First time seeing this post Stevohdee. I'm frustrated by the extreme runout on ER collets, and it does not matter what size they are. Cheap is cheap. And they may advertise 0.005mm runout, but it always seems it's way beyond 0.03mm. Some sellers are 'more' honest, and claim 0.015mm runout, but they are still greater then those numbers. Worse is the chucks, where they are not even ground with a concentric offset to the axis of the tool, but at an angle so the further from the chuck the greater the work piece or tool runout. I check the runout at the outer lip, and inner edge of the 8 degree conical ground surface, and I've not see the same runout to find just a slight offset from the axis of the final grind process.
I've had much better luck with R8 and 5C collets then my ER40 and ER50 collets.

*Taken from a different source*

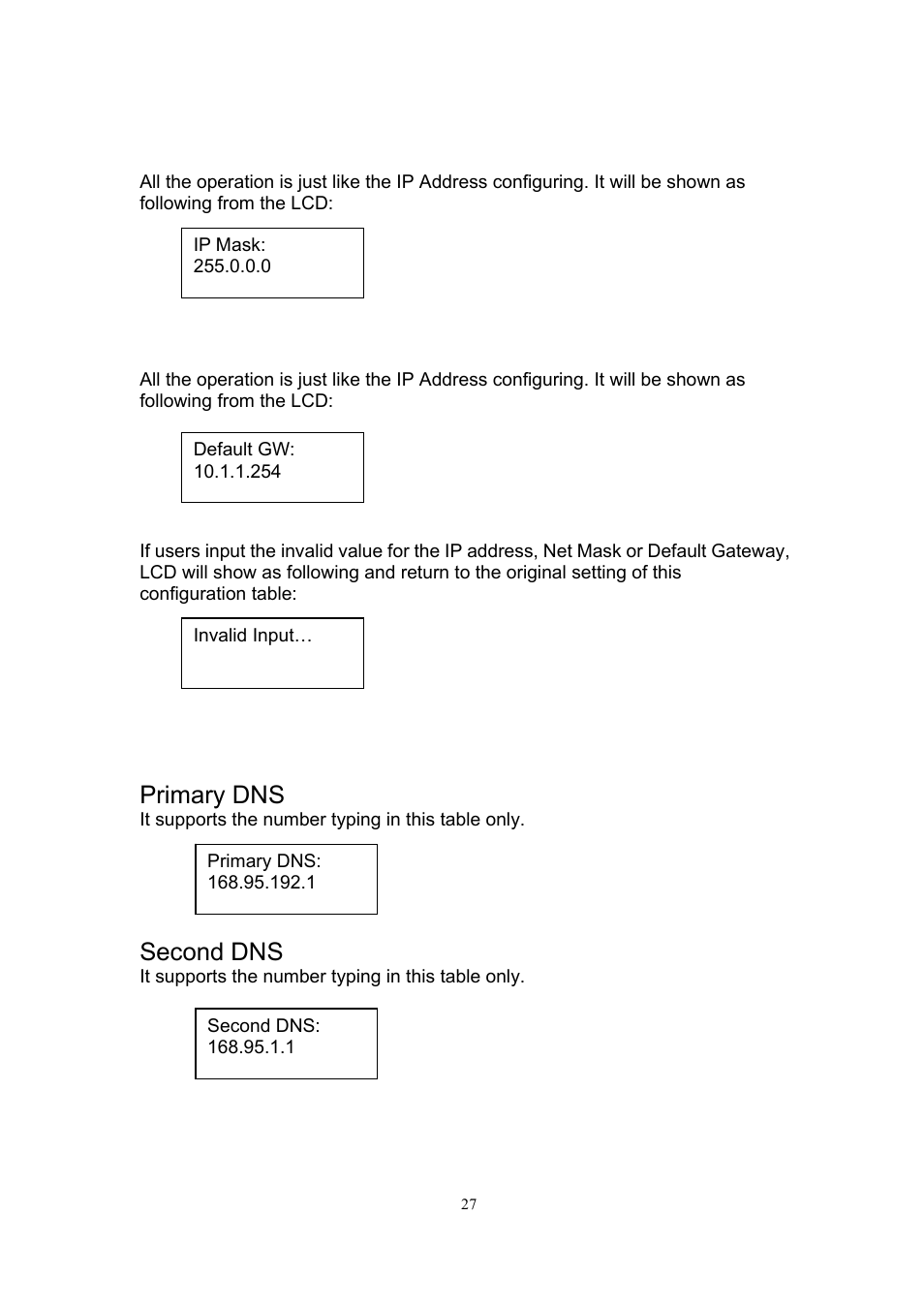 3 net mask, 4 default gw, 5 dns setting | Primary dns, Second dns | MicroNet Technology SP5101 User Manual | Page 28 / 86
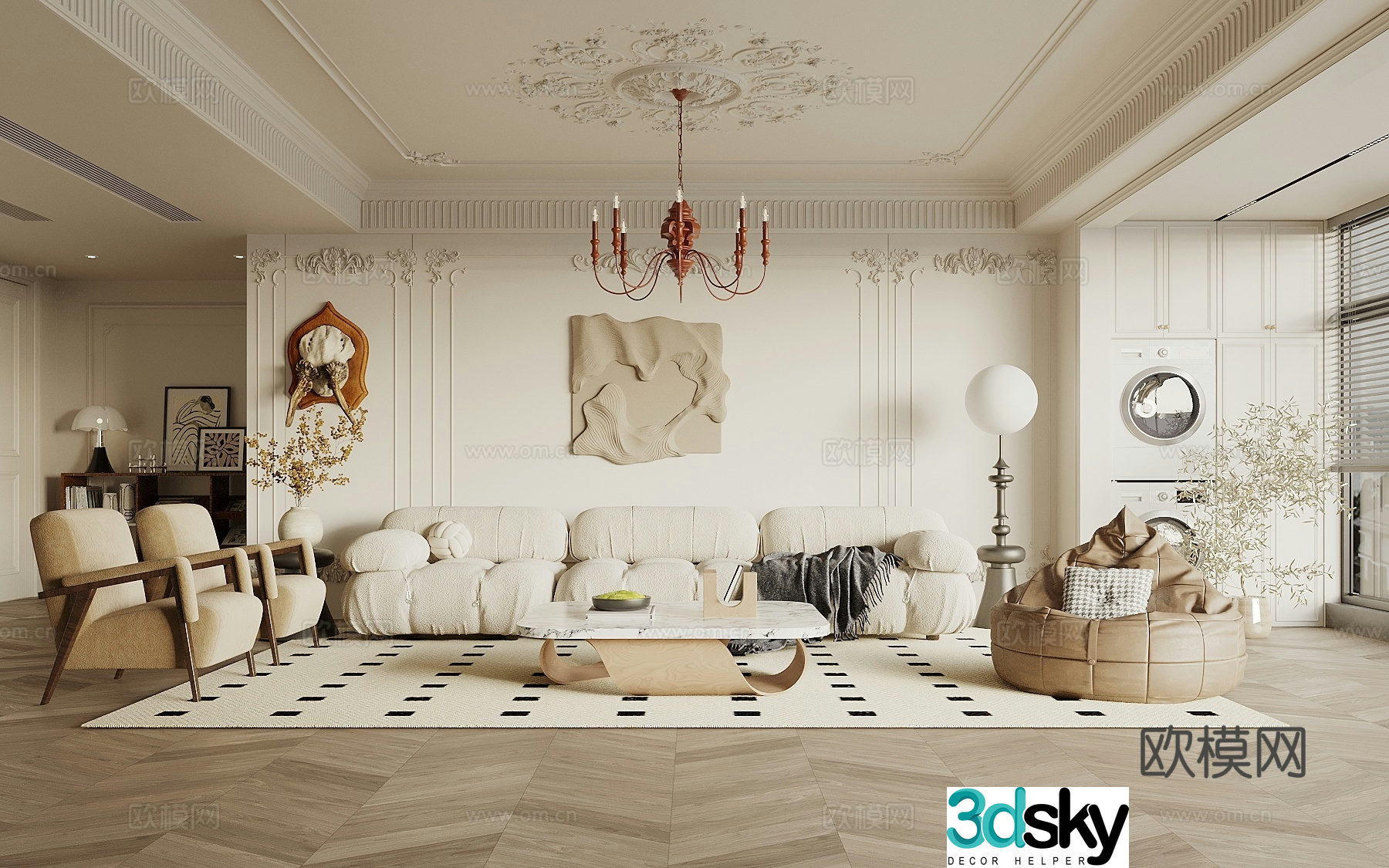 French simple European living room sofa coffee table combination sofa background wall lazy sofa entrance cabinet 3D model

I wonder how they could be held to repair them. Would sliding them onto a mandrel (custom to each size) and grind the exterior 8 degree taper be the best way to fix them? That would be hope-ing that the friction of the un-clamped collet would be enough to overcome grinding forces. And would require using another collet to hold the mandrel, and just how concentric that collet is. The mandrel could be ground in the 5C collet (thinking of a spin indexer on a surface grinder), to correct for it's runout. But what a job that would be to fix a cheap set. I'll have to see if there's a YouTube video of someone doing this.